Quand Beacon Hill est-il devenu activement peu accueillant pour les minorités ? Comme dans beaucoup de villes américaines, redlining et les politiques de logement discriminatoires de la Federal Housing Administration après la loi nationale sur le logement étaient omniprésentes à Boston. Les zones jugées indésirables (parce qu’elles étaient souvent peuplées d’immigrants ou de Noirs) étaient littéralement marquées en rouge sur une carte. Cette pratique empêchait souvent les Noirs d’obtenir des prêts publics et privés et les limitait à certains quartiers, tels que Roxbury et Mattapan. Les résidents de ces zones se sont retrouvés piégés dans la location de maisons dépréciées, privés d’obtenir le rêve américain d’accession à la propriété. Les quelques prêts qui ont été dispersés étaient souvent prédateurs et défavorables, rendant les saisies et les expulsions plus courantes.

Quand Beacon Hill est-il devenu activement peu accueillant pour les minorités ?

Ces obstacles à l’accession à la propriété ont créé des ramifications durables : comme l’a rapporté la Réserve fédérale de Boston, les familles blanches ont une richesse médiane de 247 500 $, tandis que les familles noires ont en moyenne seulement 8 $. La richesse est un indicateur indirect de bon nombre des déterminants sociaux de la santé, qui sont les conditions dans lesquelles les gens naissent, vivent, travaillent et vieillissent. Plus de richesse signifie que vous avez la possibilité d’acheter des aliments sains, d’obtenir une assurance maladie complète et d’avoir accès à de meilleurs moyens de transport. La richesse est un bon indicateur des ressources d’un quartier, du nombre de parcs, des taxes qui vont dans les écoles locales et de la sécurité globale.
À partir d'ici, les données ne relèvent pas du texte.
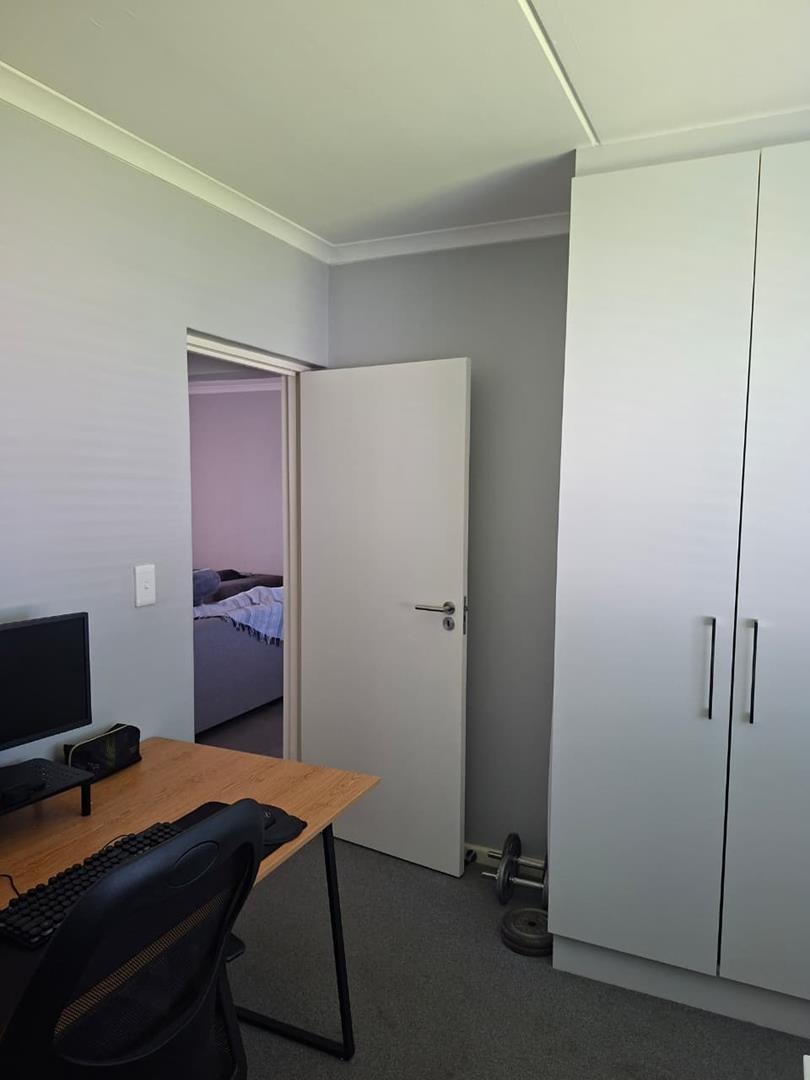 To Let 2 Bedroom Property for Rent in Burgundy Estate Western Cape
En tant que médecin, j’ai vu ces conséquences dans ma clinique. Les quartiers qui sont encore majoritairement noirs et bruns souffrent aujourd’hui d’une espérance de vie nettement inférieure. La différence varie de quelques années à plus de 30 ans dans certaines poches de la ville. Votre vie peut être écourtée de plusieurs décennies selon la rue dans laquelle vous vivez. Une région de Roxbury avait une moyenne espérance de vie de 60 ans. Comparez cela à Back Bay et Beacon Hill, où certaines régions ont une espérance de vie supérieure à 90 ans. Ces différences dramatiques ont conduit les chercheurs à conclure que votre code postal est plus important que votre code génétique pour votre santé globale.

En quittant Beacon Hill, je suis arrivé aux bâtiments de recherche et auxiliaires de l’HGM. Massachusetts Eye and Ear Infirmary, l’un des hôpitaux spécialisés les plus importants au monde, s’y trouve également. Cela aussi témoigne de la ségrégation de Boston. La zone médicale de Longwood, située à quelques kilomètres de là, abrite certains des meilleurs hôpitaux du monde. Mais ces hôpitaux de classe mondiale ne servir tous les populations de Boston. Cela est dû en grande partie aux coûts financiers et aux assurances, à la proximité des hôpitaux avec certains quartiers et à l’historique stigmatisation et héritage de ces hôpitaux.

Ma promenade au travail n’a pris que 20 minutes. Mais pendant ce court laps de temps, je me suis rappelé quotidiennement comment cette ville a été construite, comment le racisme et la ségrégation sont ancrés dans les rues, les institutions, les parcs et les quartiers. Nous devons nous en souvenir alors que nous travaillons à démanteler le racisme structurel et à œuvrer pour l’équité en matière de santé. Je vous invite à faire une promenade. Examinez de plus près vos quartiers, votre environnement et les lignes invisibles qui nous séparent et nous séparent. Car si nous ne franchissons jamais ces lignes, elles persisteront toujours.